The New Covenant Gift of the Spirit

"Let us recall the three considerations that have been
mentioned. First, that our Lord Himself in His Divine-human nature was on earth, and is now in heaven, possessed of the fulness of the Spirit, and this in such a manner that the Spirit entered into all He was in the one sphere, and enters into all He is in the other. Secondly, that the Spirit given us by our Lord in His glorified condition is His own Spirit in the most definite and particular meaning of the words. Thirdly, that when the Spirit is bestowed upon us He must be made inwardly and experimentally ours, entering into all that we are in a manner similar to that in which He entered into all that Jesus was and is. Let us fix these three points distinctly in our minds, and it will follow that the Spirit promised as the chief gift of the New Covenant is pervaded by human as well as Divine elements. As the Spirit of the exalted and glorified Lord, He is not the Third Person of the Trinity in His absolute and metaphysical existence, but that Person as He is mediated through the Son, who is human as well as Divine. It is on this particular aspect of His being that He diffuses Himself through the members of Christ's body, and abides in them. Only as human, entering into and coalescing with what is human, can He be also our Spirit dwelling in a living and real way within us."
- William Milligan (The Ascension and Heavenly Priesthood of Our Lord, p. 189)

Tuesday, March 21, 2017

The Rest of God, part 2 of 3

Heb.
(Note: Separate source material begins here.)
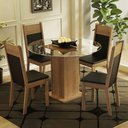 Ver imagem 1 de Conjunto Sala de Jantar Madesa Beta Mesa Tampo de Vidro Redondo 4 Cadeiras Rustic/Preto Cor:Rustic P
IV.—4. "For he hath sald somewhere of the seventh day on this wise, And God rested on the seventh day from all his works; 5. And in this place again, 
'They shall not enter into my rest.'
6. Seeing therefore it remaineth that some should enter thereinto, and they to whom the good tidings were before preached failed to enter in because of disobedience, 7. He again defineth a certain day, saying in David, after so long a time To-day, as it hath been before said,
'To-day if ye shall hear his voice, 
Harden not your hearts.' 
8. For if Joshua had given them rest, he would not have spoken afterward of another day." 
"We speak, with Scripture, of the rest of faith. Faith, however, only gives rest because it rests in God; it rests because it allows God to do all; the rest is in God Himself. lt is His own divine rest into which we enter by faith. When the Holy Ghost says, My rest, His rest, God rested, it teaches us that it is God's own rest into which we enter, and which we partake of. lt is as faith sees that the creature was destined to find its rest nowhere but in the Creator, and that in the entire surrender to Him, to His will and His working, it may have perfect rest, that it dares to cast itself upon God, and have no care. lt sees that God, the cause of all movement and change, is Himself the immovable and unchangeable One, and that His blessed rest can never be disturbed by what is done either by Himself or by others. Hearkening to the loving offer, it forsakes all to find its dwelling-place in God and His love. Faith sees what the rest of God is; faith believes that it may come and share in it; faith enters in and rests, it yields itself to Jesus to lead it in and make it partaker. Because it honours God and counts Him all, God honours it; He opens the door, and the soul is brought in to rest in Him.
This faith is faith in Jesus. It is the insight into His finished work, the complete salvation He bestows, the perfection which was wrought in Him personally, and in which we share as partakers of Christ. The connection between the finishing of a work and the rest that follows is clearly seen in what is said of creation. God rested on the seventh day from all His works. He that is entered into His rest, hath himself also rested from his work, as God did from His. The rest of God was His glad complacency in what He had finished in Creation, the beginning of His blessed work of Providence to care for and bring on to perfection what He had wrought. And so it is the finished work of Jesus that is ever set before us in the Epistle as the ground of our faith, the call for us in fulness of faith to draw nigh and enter in and rest. Because Christ hath put away sin, hath rent the veil, and is set down on the right hand of the throne,—because all is finished and perfected, and we have received the Holy Spirit from heaven in our hearts to make us the partakers of that glorified Christ, we may with confidence, with boldness, rest in Him to maintain and perfect His work in us. And, resting in Him, He becomes our Joshua, perfecting our faith, bringing us in, and giving us a home in the rest of God with Himself, now to go no more out for ever."